New Research Finds Clues to Reducing Bortezomib-Linked Neuropathy
Posted: Friday, June 8, 2018
Painful chemotherapy-induced peripheral neuropathy is an adverse effect of many chemotherapeutic drugs, including bortezomib. More than 40% of patients taking bortezomib for multiple myeloma and mantle cell lymphoma develop chemotherapy-induced peripheral neuropathy, but newly discovered mechanisms that may explain why—and how they can potentially be blocked—have been described in the Journal of Experimental Medicine. The research team was led by Daniela Salvemini, PhD, of Saint Louis University School of Medicine.
One blocking agent is fingolimod, already approved by the U.S. Food and Drug Administration (FDA) to treat multiple sclerosis.
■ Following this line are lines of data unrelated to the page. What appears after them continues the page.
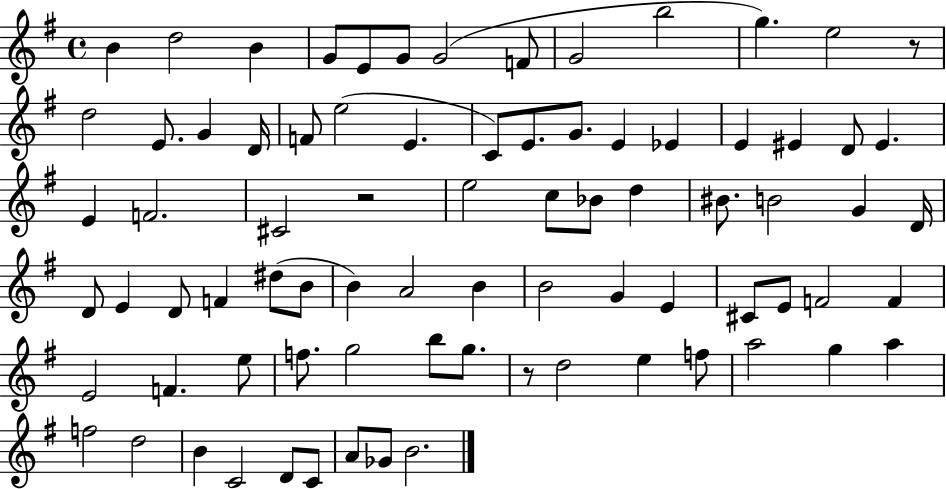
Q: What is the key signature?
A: G major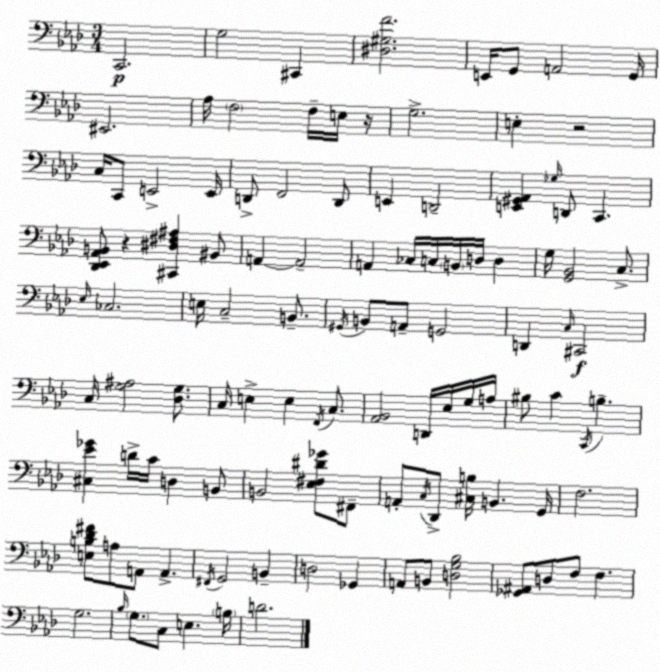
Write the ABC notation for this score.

X:1
T:Untitled
M:3/4
L:1/4
K:Ab
C,,2 G,2 ^C,, [^D,^G,F]2 E,,/4 G,,/2 A,,2 G,,/4 ^E,,2 _A,/4 F,2 F,/4 E,/4 z/4 G,2 E, z2 C,/4 C,,/2 E,,2 E,,/4 D,,/2 F,,2 D,,/2 E,, D,,2 [E,,^G,,_A,,] _G,/4 D,,/2 C,, [_D,,_E,,_A,,B,,]/2 z [^C,,^D,^F,^A,] ^B,,/2 A,, A,,2 A,, _C,/4 C,/4 B,,/4 D,/4 D, G,/4 [G,,_B,,]2 C,/2 _E,/4 _C,2 E,/4 C,2 B,,/2 ^G,,/4 B,,/2 A,,/2 G,,2 D,, C,/4 ^C,,2 C,/4 [G,^A,]2 [_D,G,]/2 C,/4 E, E, F,,/4 C,/2 [_A,,_B,,]2 D,,/4 _E,/4 G,/4 A,/4 ^B,/2 C C,,/4 B, [^C,_E_G] D/4 C/4 D, B,,/2 B,,2 [_E,^F,^D_G]/2 ^F,,/2 A,,/2 C,/4 _D,,/2 [^C,B,]/4 B,, G,,/4 F,2 [E,B,_D^F]/2 A,/2 A,,/2 A,, ^F,,/4 G,,2 B,, D,2 _G,, A,,/2 B,,/2 [D,G,_B,]2 [_G,,^A,,]/2 D,/2 F,/2 F, G,2 _B,/4 G,/2 C,/2 E, B,/4 D2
In separate research, it has also shown promise in inhibiting tumor growth and in enhancing bortezomib’s positive effects.
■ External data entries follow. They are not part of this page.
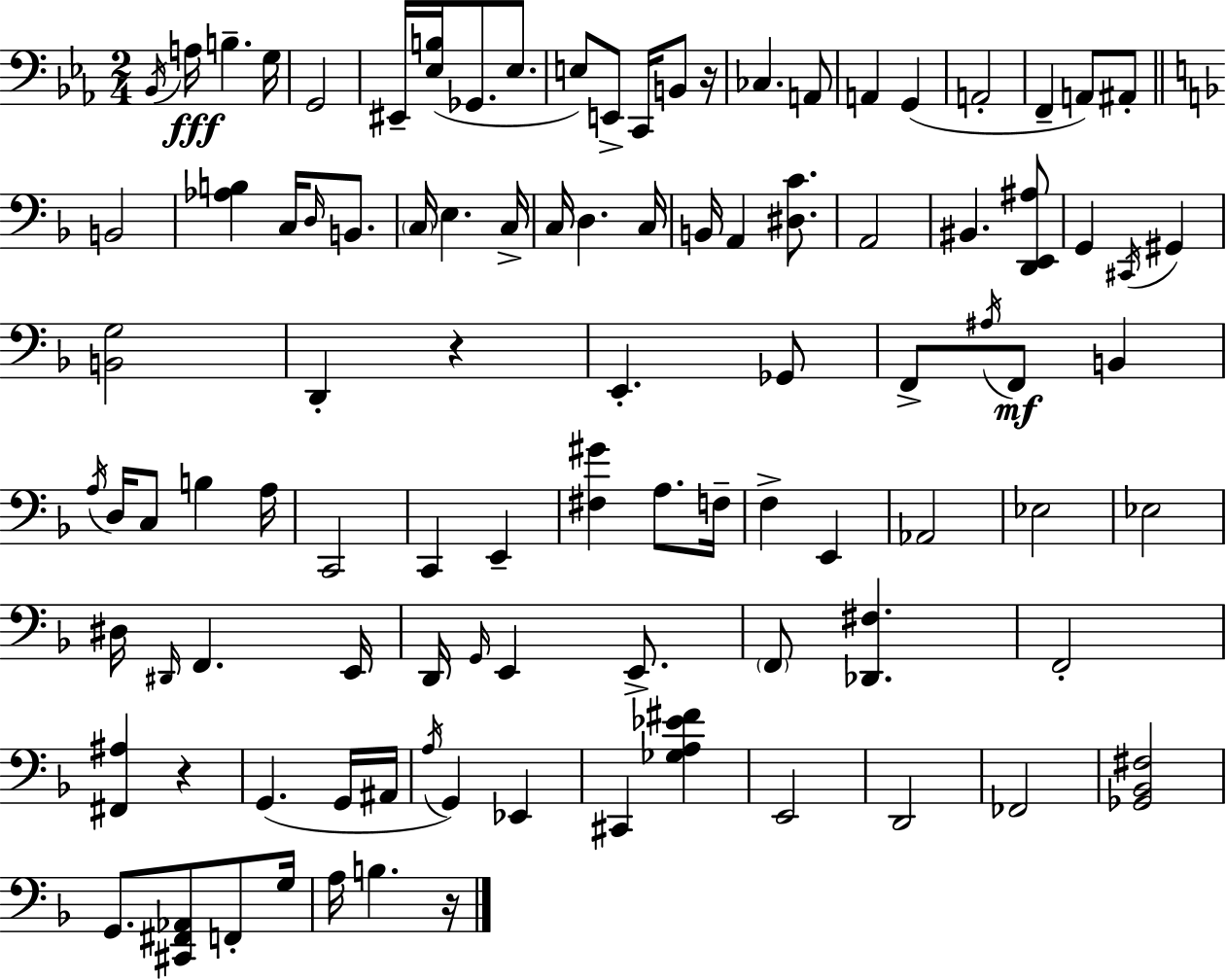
Bb2/s A3/s B3/q. G3/s G2/h EIS2/s [Eb3,B3]/s Gb2/e. Eb3/e. E3/e E2/e C2/s B2/e R/s CES3/q. A2/e A2/q G2/q A2/h F2/q A2/e A#2/e B2/h [Ab3,B3]/q C3/s D3/s B2/e. C3/s E3/q. C3/s C3/s D3/q. C3/s B2/s A2/q [D#3,C4]/e. A2/h BIS2/q. [D2,E2,A#3]/e G2/q C#2/s G#2/q [B2,G3]/h D2/q R/q E2/q. Gb2/e F2/e A#3/s F2/e B2/q A3/s D3/s C3/e B3/q A3/s C2/h C2/q E2/q [F#3,G#4]/q A3/e. F3/s F3/q E2/q Ab2/h Eb3/h Eb3/h D#3/s D#2/s F2/q. E2/s D2/s G2/s E2/q E2/e. F2/e [Db2,F#3]/q. F2/h [F#2,A#3]/q R/q G2/q. G2/s A#2/s A3/s G2/q Eb2/q C#2/q [Gb3,A3,Eb4,F#4]/q E2/h D2/h FES2/h [Gb2,Bb2,F#3]/h G2/e. [C#2,F#2,Ab2]/e F2/e G3/s A3/s B3/q. R/s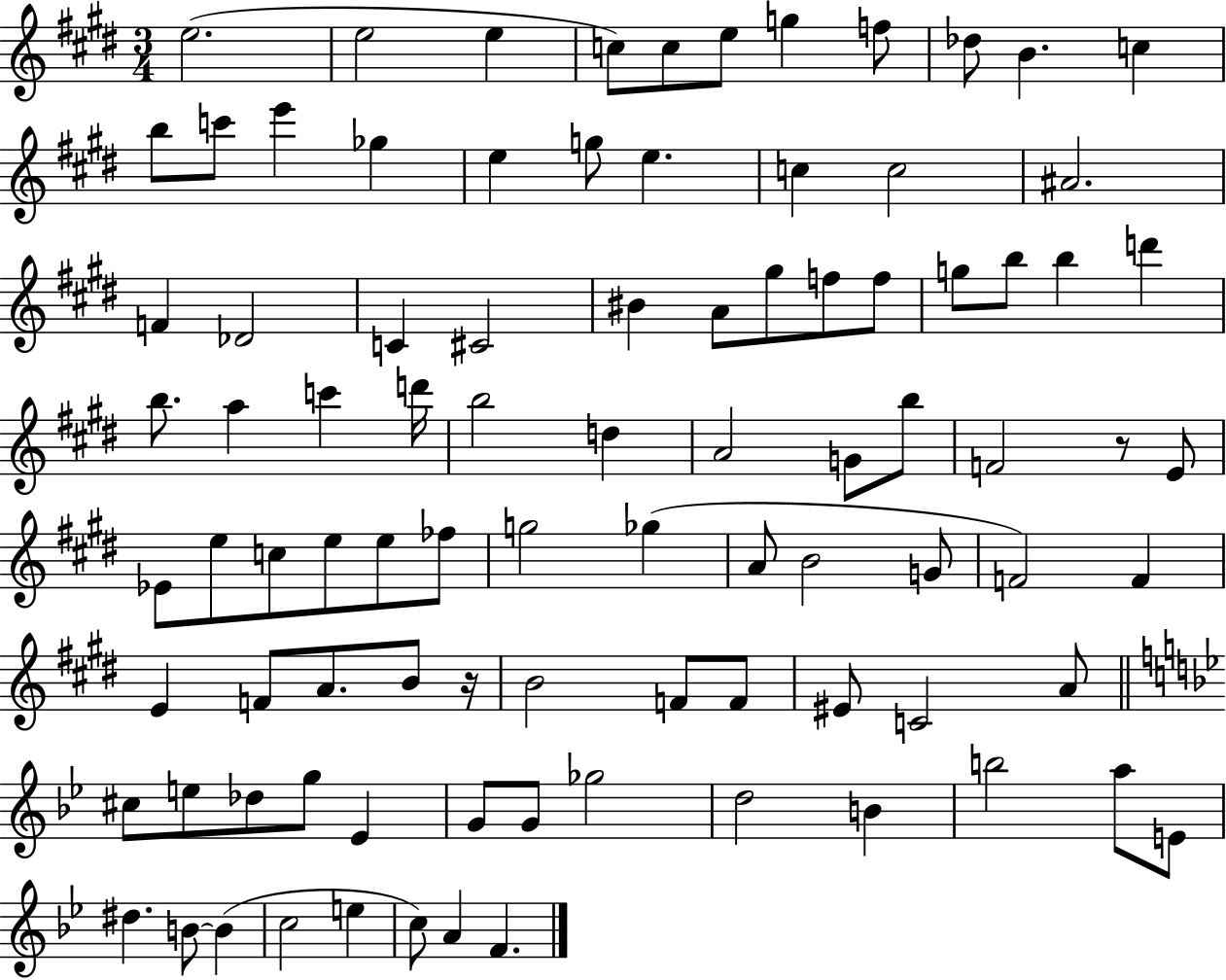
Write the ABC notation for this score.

X:1
T:Untitled
M:3/4
L:1/4
K:E
e2 e2 e c/2 c/2 e/2 g f/2 _d/2 B c b/2 c'/2 e' _g e g/2 e c c2 ^A2 F _D2 C ^C2 ^B A/2 ^g/2 f/2 f/2 g/2 b/2 b d' b/2 a c' d'/4 b2 d A2 G/2 b/2 F2 z/2 E/2 _E/2 e/2 c/2 e/2 e/2 _f/2 g2 _g A/2 B2 G/2 F2 F E F/2 A/2 B/2 z/4 B2 F/2 F/2 ^E/2 C2 A/2 ^c/2 e/2 _d/2 g/2 _E G/2 G/2 _g2 d2 B b2 a/2 E/2 ^d B/2 B c2 e c/2 A F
Using rodents, Dr. Salvemini and colleagues discovered that bortezomib quickens the production of sphingolipids, fat molecules previously linked to neuropathic pain. The spinal cords of the bortezomib-dosed animals developed two sphingolipid metabolites, which activated a cell surface receptor protein called S1PR1. When S1PR1 emerged on the surface of astrocytes, neuroinflammation and over-release of the neurotransmitter glutamate resulted, leading to chemotherapy-induced peripheral neuropathy.
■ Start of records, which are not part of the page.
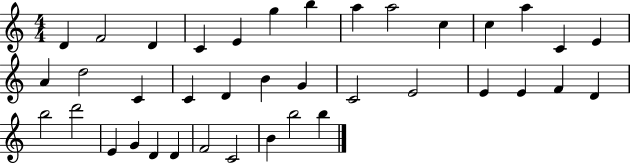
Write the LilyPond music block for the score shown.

{
  \clef treble
  \numericTimeSignature
  \time 4/4
  \key c \major
  d'4 f'2 d'4 | c'4 e'4 g''4 b''4 | a''4 a''2 c''4 | c''4 a''4 c'4 e'4 | \break a'4 d''2 c'4 | c'4 d'4 b'4 g'4 | c'2 e'2 | e'4 e'4 f'4 d'4 | \break b''2 d'''2 | e'4 g'4 d'4 d'4 | f'2 c'2 | b'4 b''2 b''4 | \break \bar "|."
}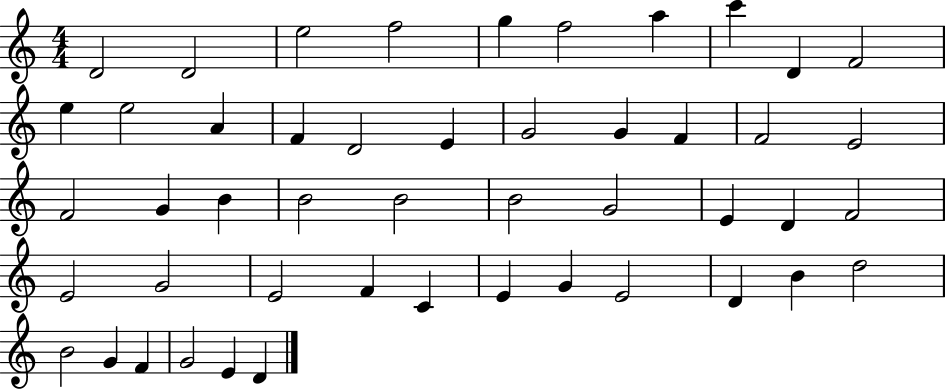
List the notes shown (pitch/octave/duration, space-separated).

D4/h D4/h E5/h F5/h G5/q F5/h A5/q C6/q D4/q F4/h E5/q E5/h A4/q F4/q D4/h E4/q G4/h G4/q F4/q F4/h E4/h F4/h G4/q B4/q B4/h B4/h B4/h G4/h E4/q D4/q F4/h E4/h G4/h E4/h F4/q C4/q E4/q G4/q E4/h D4/q B4/q D5/h B4/h G4/q F4/q G4/h E4/q D4/q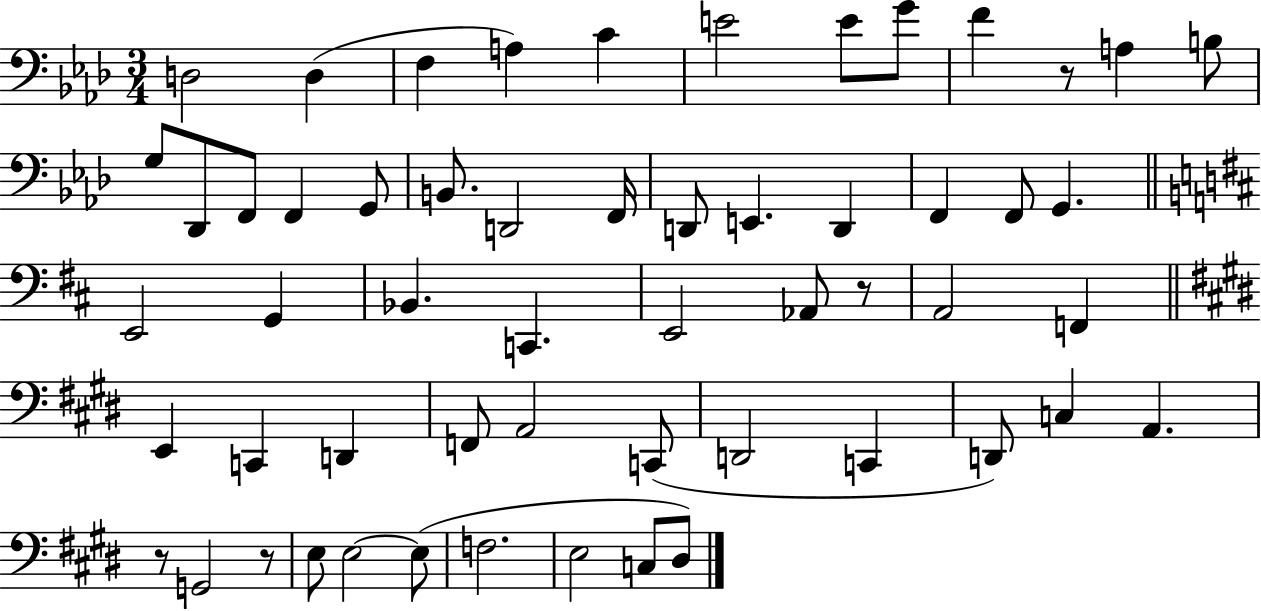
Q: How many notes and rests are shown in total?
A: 56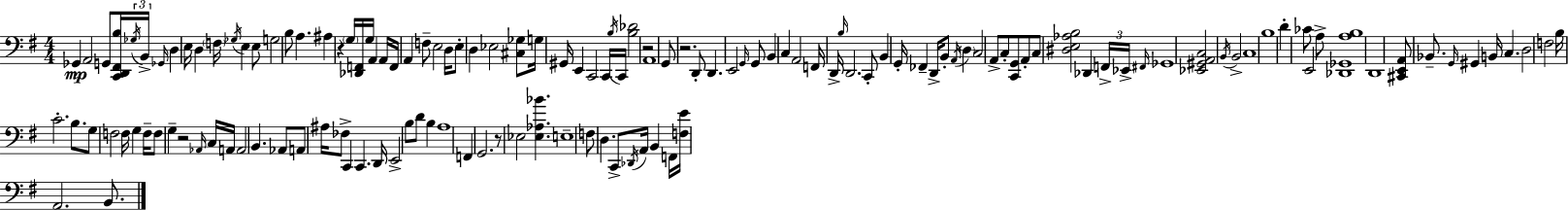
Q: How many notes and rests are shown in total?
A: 140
Fingolimid, among other drugs, was found to inhibit S1PR1 production and thus prevent the animals from developing chemotherapy-induced peripheral neuropathy in response to bortezomib.
“Our findings establish S1PR1 as a target for therapeutic intervention and provide insight into cellular and molecular pathways,” the investigators stated. According to a report in Myeloma Research News, Dr. Salvemini also thinks their findings can be “rapidly” translated to the clinic, “because fingolimod shows promising anticancer potential and is already FDA approved.”